Phrases of politeness
Ellen Contini-Morava
elc9j at virginia.edu
Thu Dec 29 15:49:47 UTC 2011
A classic paper is Charles Ferguson's "The Structure and Use of
Politeness Formulas", Language in Society 5, 137-151. He has some
examples from Arabic as well as English and some other languages.
Happy new year to all,
Ellen
On 12/28/2011 6:51 AM, Luke Kundl Pinette wrote:
> Hello all,
> I'm curious as to whether there's been any research done on
> systematics of standard terms of politeness, in the same was as for
> color or evidentiality.
>
> Most materials for learning languages seem to assume that each
> language has distinct terms for hello, goodbye, good
> morning/afternoon/evening/night, please, thank you, I'm sorry, and
> excuse me/pardon.

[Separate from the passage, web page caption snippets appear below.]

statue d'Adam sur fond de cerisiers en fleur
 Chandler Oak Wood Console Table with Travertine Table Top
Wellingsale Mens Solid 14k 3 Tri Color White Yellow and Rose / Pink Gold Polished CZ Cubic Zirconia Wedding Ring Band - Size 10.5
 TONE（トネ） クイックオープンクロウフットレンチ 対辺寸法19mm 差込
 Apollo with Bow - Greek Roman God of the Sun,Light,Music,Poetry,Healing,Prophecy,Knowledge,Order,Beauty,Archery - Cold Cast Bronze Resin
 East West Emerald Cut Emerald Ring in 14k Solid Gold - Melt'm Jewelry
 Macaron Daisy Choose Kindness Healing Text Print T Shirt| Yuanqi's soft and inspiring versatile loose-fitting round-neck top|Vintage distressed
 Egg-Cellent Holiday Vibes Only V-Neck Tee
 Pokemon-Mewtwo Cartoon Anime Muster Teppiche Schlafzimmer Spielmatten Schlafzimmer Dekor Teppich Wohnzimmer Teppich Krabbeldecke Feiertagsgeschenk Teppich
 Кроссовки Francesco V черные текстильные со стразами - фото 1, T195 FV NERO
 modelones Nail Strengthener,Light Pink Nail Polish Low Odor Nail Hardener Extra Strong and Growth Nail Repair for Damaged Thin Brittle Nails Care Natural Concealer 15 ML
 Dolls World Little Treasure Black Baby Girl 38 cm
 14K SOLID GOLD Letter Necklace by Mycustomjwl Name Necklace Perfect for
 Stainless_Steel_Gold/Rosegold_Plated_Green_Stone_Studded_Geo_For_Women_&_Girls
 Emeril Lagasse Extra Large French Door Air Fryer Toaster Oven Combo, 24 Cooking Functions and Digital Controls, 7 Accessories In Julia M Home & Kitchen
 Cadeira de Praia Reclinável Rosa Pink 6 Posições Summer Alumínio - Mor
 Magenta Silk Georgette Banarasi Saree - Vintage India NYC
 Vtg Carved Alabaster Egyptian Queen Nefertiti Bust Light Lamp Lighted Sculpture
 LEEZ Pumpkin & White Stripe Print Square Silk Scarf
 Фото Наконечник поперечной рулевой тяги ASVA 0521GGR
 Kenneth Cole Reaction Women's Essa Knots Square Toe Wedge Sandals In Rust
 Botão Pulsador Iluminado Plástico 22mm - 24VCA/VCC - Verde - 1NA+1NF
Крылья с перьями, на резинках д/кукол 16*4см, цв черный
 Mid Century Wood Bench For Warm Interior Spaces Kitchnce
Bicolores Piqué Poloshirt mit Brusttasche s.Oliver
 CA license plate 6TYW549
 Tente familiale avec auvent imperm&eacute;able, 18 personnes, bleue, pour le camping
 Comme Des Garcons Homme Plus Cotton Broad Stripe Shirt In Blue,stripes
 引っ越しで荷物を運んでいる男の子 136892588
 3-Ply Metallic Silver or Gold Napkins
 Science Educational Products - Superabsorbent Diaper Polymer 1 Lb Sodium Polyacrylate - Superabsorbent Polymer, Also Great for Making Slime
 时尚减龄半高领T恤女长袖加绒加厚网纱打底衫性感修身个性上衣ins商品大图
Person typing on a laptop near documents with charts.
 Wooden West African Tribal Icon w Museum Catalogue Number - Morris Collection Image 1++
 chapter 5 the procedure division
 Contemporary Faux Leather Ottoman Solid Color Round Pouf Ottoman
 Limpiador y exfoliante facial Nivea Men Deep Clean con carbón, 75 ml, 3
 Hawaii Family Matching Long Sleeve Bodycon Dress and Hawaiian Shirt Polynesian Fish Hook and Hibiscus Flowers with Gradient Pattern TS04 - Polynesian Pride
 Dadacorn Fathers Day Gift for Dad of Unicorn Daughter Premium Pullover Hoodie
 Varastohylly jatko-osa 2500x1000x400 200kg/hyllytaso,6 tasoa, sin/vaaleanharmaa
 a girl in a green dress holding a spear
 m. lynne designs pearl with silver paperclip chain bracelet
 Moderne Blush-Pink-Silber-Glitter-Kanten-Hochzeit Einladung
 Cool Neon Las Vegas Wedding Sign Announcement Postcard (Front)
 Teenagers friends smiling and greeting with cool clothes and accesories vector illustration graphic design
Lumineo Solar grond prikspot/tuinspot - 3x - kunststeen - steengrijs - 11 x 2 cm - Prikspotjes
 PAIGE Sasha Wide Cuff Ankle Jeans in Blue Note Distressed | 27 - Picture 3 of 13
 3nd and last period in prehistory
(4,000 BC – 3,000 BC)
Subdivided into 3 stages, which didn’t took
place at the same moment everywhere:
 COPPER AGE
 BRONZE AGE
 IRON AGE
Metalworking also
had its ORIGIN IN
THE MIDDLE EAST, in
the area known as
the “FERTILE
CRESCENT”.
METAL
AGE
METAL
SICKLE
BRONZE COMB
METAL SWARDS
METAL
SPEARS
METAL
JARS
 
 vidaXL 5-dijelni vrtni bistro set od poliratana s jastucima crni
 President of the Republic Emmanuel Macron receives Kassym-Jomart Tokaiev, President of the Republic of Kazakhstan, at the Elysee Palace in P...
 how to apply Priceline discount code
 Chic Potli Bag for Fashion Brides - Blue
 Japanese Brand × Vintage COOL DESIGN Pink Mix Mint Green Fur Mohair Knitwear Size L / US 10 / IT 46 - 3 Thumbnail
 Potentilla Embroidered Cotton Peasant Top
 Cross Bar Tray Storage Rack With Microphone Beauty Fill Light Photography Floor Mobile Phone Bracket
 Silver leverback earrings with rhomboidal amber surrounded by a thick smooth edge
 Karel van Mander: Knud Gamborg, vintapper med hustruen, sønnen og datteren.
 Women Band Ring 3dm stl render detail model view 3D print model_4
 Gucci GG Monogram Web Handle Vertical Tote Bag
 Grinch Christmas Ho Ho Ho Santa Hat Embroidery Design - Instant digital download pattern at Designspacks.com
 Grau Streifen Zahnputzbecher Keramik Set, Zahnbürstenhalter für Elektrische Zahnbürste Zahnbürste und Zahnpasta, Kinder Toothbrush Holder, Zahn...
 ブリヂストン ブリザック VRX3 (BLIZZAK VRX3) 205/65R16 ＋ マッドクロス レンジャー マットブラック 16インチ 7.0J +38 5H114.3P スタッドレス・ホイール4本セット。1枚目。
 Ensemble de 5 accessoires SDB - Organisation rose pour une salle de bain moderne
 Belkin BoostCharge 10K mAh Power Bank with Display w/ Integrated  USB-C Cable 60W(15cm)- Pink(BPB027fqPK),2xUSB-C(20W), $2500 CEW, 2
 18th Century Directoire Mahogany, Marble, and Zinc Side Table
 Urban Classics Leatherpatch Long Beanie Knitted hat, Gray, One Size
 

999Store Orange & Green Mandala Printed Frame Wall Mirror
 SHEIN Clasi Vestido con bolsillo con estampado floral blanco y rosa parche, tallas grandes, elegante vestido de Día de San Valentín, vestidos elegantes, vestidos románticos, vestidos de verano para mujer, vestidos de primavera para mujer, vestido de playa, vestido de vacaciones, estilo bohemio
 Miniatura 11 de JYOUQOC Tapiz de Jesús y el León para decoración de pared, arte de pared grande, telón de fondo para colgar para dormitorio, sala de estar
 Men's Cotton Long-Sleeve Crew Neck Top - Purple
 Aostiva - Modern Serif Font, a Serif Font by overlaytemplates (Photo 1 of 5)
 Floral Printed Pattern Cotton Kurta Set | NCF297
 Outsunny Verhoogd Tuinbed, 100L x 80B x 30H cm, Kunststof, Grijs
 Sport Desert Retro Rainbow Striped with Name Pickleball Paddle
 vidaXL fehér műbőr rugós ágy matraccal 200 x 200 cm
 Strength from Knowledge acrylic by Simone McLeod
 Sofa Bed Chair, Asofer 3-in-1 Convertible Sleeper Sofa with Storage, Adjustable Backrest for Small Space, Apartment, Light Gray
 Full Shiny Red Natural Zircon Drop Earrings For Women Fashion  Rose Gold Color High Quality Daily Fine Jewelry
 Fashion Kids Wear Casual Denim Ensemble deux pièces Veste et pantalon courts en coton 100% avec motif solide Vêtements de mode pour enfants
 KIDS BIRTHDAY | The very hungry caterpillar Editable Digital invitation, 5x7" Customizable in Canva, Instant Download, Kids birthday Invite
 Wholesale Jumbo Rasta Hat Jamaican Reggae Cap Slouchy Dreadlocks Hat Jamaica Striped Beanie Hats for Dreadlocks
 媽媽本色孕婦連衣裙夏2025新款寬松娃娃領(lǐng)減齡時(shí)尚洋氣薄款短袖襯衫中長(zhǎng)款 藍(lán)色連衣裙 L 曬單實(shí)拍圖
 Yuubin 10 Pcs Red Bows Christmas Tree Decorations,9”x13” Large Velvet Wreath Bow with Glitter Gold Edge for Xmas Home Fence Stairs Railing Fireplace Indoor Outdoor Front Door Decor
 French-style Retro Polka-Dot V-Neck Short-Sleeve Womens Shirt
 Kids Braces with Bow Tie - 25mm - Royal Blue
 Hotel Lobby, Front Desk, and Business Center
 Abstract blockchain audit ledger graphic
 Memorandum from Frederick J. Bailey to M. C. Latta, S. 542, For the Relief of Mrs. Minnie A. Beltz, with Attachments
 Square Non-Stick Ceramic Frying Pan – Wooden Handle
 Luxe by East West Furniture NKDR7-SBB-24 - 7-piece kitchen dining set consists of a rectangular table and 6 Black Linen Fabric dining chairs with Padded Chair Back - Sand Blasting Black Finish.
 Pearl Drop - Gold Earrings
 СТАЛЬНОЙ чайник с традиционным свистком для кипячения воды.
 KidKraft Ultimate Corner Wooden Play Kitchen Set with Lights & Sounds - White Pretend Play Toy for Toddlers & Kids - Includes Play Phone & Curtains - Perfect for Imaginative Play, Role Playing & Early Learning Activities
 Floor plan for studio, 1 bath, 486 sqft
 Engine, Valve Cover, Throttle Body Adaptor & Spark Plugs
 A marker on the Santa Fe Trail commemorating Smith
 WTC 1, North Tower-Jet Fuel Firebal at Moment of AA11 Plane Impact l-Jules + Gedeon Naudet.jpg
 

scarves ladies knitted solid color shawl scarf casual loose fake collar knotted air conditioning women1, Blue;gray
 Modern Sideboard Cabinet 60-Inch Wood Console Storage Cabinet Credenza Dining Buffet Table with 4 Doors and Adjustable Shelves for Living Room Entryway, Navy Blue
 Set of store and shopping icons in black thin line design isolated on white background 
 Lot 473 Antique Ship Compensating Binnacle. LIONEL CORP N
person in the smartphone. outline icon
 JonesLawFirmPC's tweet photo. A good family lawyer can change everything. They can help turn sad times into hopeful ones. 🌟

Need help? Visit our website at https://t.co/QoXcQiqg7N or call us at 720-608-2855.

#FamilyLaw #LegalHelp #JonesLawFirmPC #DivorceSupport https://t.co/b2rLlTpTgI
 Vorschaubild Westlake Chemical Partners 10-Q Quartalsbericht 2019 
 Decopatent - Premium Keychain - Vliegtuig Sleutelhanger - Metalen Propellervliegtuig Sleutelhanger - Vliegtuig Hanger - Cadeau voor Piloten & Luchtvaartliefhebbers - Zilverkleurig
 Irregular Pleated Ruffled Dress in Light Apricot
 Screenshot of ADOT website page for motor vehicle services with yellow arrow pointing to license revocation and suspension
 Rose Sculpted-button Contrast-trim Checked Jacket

This make things interesting in cases like Korean,
> which uses one greeting for all times of the day but distinguishes
> formality, or Hawaiian, which uses the same term for "hello" and
> "goodbye." (My Arabic teacher also claimed that "you're welcome" and
> "sorry" are the same term in Modern Standard Arabic, though every
> Arabic speaker I've met claims this isn't the case in their variety of
> spoken Arabic.)
>
> On the other hand, it seems reasonable to assume that some languages
> might have more such distinctions. I have a few examples, but I don't
> speak more than a few phrases of any of these languages, and haven't
> had the opportunity to interrogate native speakers.
>
> * I've been told by English speakers of Korean that there are two
> forms of "goodbye" depending on whether the speaker is staying or
> going going "anyeongikaseo" and "anyeongikeseo." (I forget which is
> which.)
> * I think that the Japanese term "sumimasen" which can mean "thank
> you" or "I'm sorry" might roughly correspond to "thanks, and I'm
> sorry for the trouble," as opposed to "gomen nasai" (sorry) or
> "arigatoo" (thanks), but the one Japanese speaker I asked told me
> it's just a three-way distinction an English speaker won't be able
> to make.
> * Wikitravel claims that Georgian has four forms of pardon/excuse
> me/sorry, which appear to making distinctions not present in
> English, though I won't even try to speculate on the exact glosses.
> /uk'atsravad/ (excuse me: pay attention), /map'atiye (excuse
> me/pardon)/ /bodishi, (//excuse me/pardon/sorry), //vts'ukhvar/
> (sorry)
>
>
> So I guess my questions are:
> 1. Can anybody confirm, deny, or correct the above examples?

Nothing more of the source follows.